• [TASK DATA]
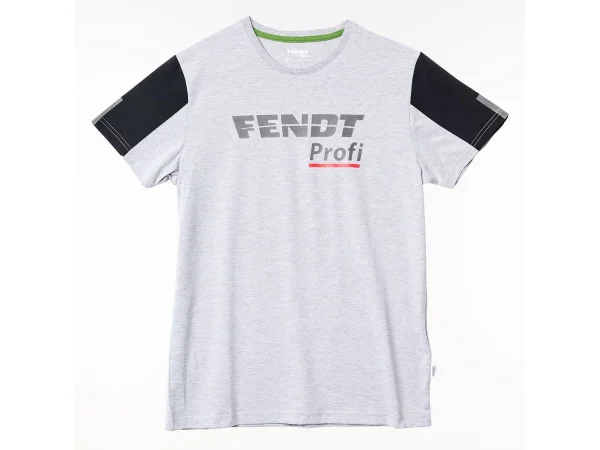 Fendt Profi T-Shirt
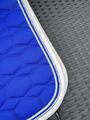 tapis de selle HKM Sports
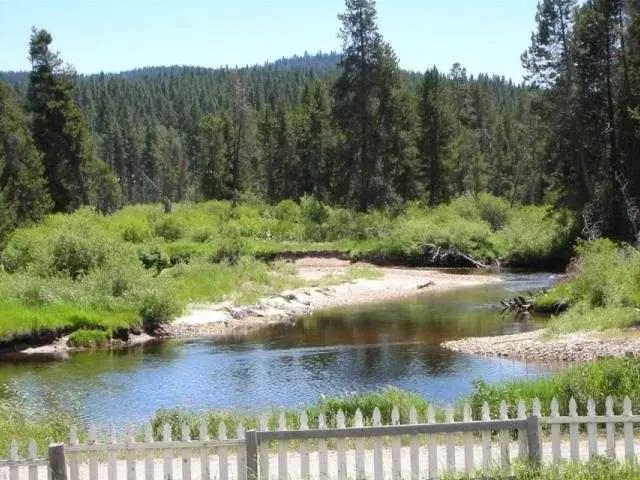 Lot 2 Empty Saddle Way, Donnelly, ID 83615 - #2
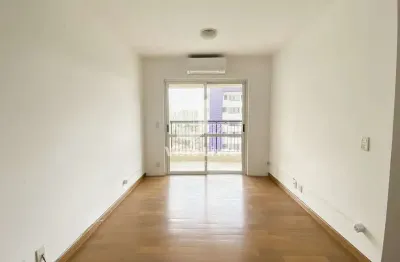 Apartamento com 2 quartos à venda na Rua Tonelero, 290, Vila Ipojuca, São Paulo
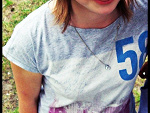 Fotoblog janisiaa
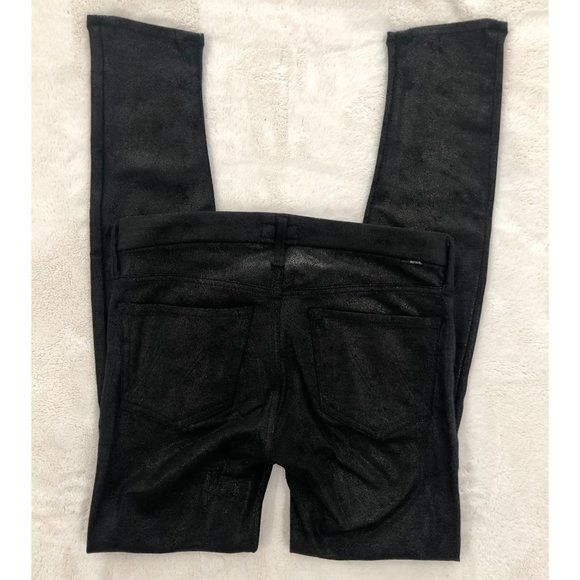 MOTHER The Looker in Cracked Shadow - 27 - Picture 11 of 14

---

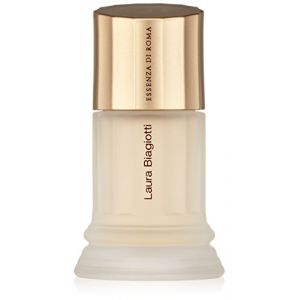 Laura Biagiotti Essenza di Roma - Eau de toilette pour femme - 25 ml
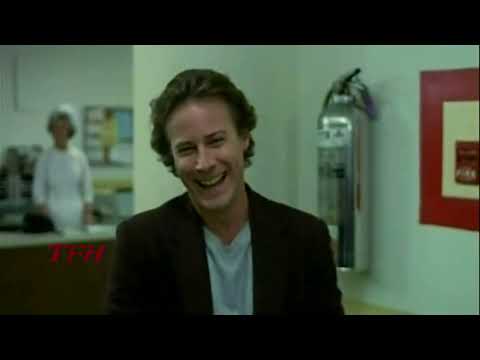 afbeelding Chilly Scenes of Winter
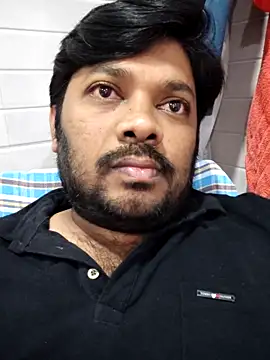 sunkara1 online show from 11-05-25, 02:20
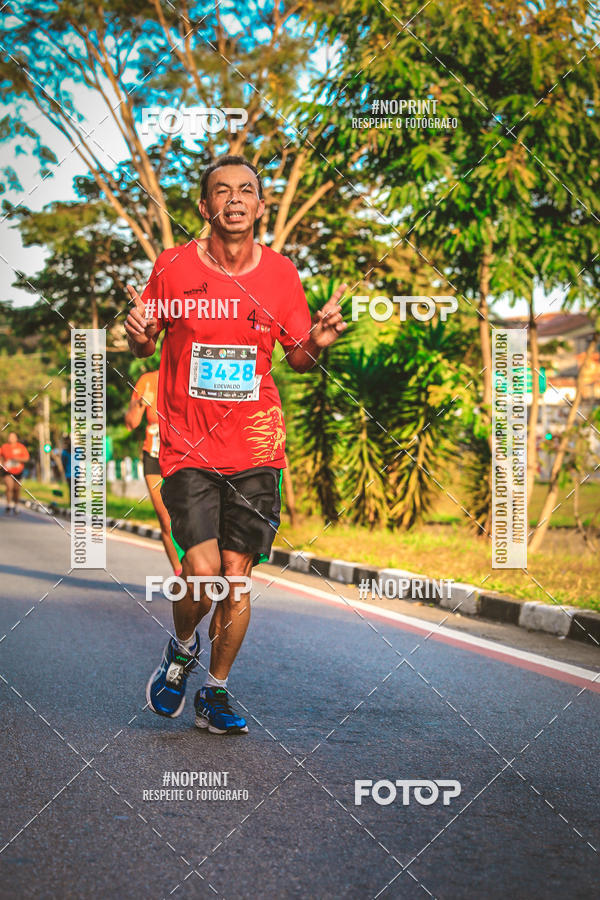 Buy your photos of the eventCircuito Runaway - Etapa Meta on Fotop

==

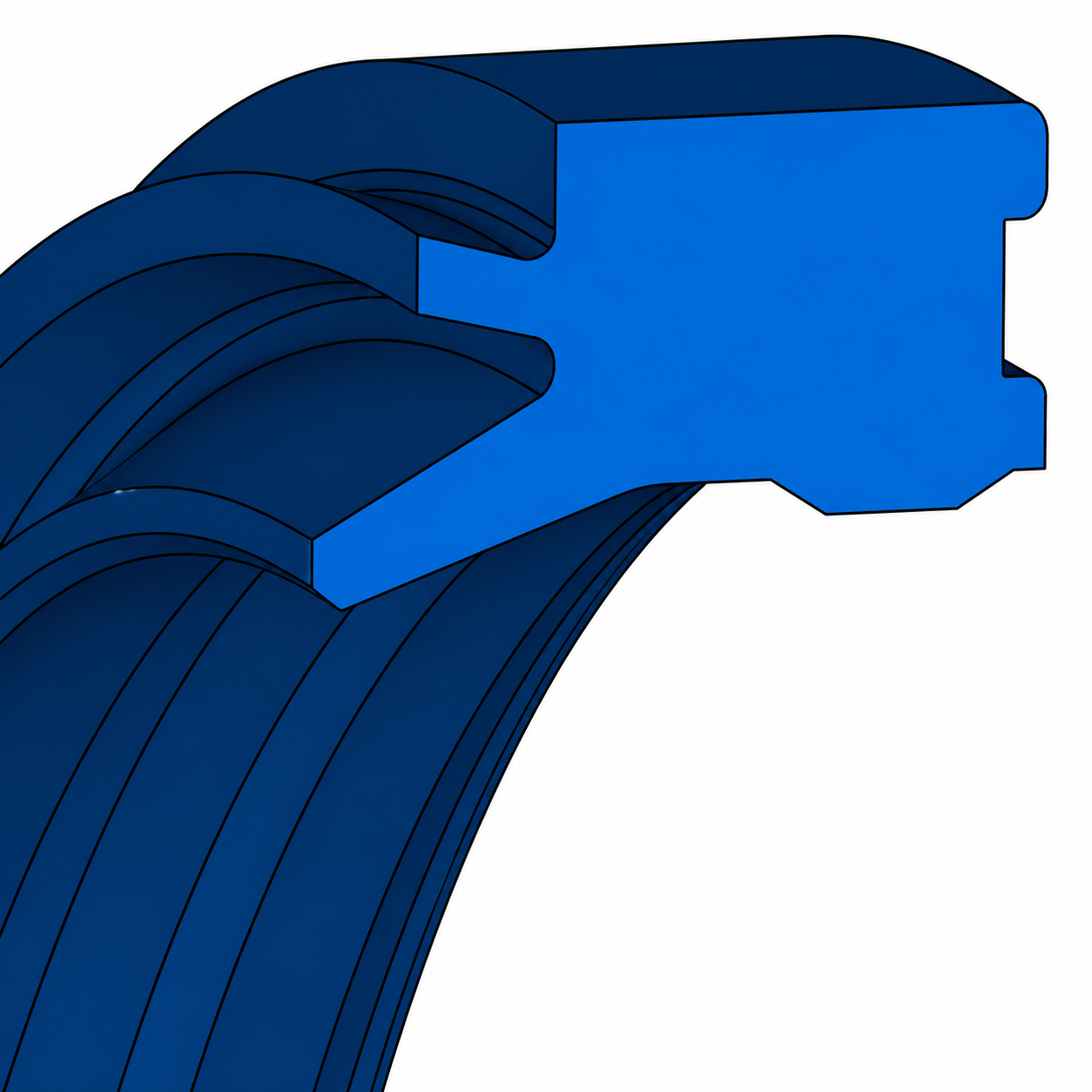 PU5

• [WORK REQUIRED]
In the data above, take the line with "Laura Biagiotti Essenza", the line with "Buy your photos", and every line between, and set them down exactly without pictures.

• [EXERCISE ANSWER]
 Laura Biagiotti Essenza di Roma - Eau de toilette pour femme - 25 ml
 afbeelding Chilly Scenes of Winter
 sunkara1 online show from 11-05-25, 02:20
 Buy your photos of the eventCircuito Runaway - Etapa Meta on Fotop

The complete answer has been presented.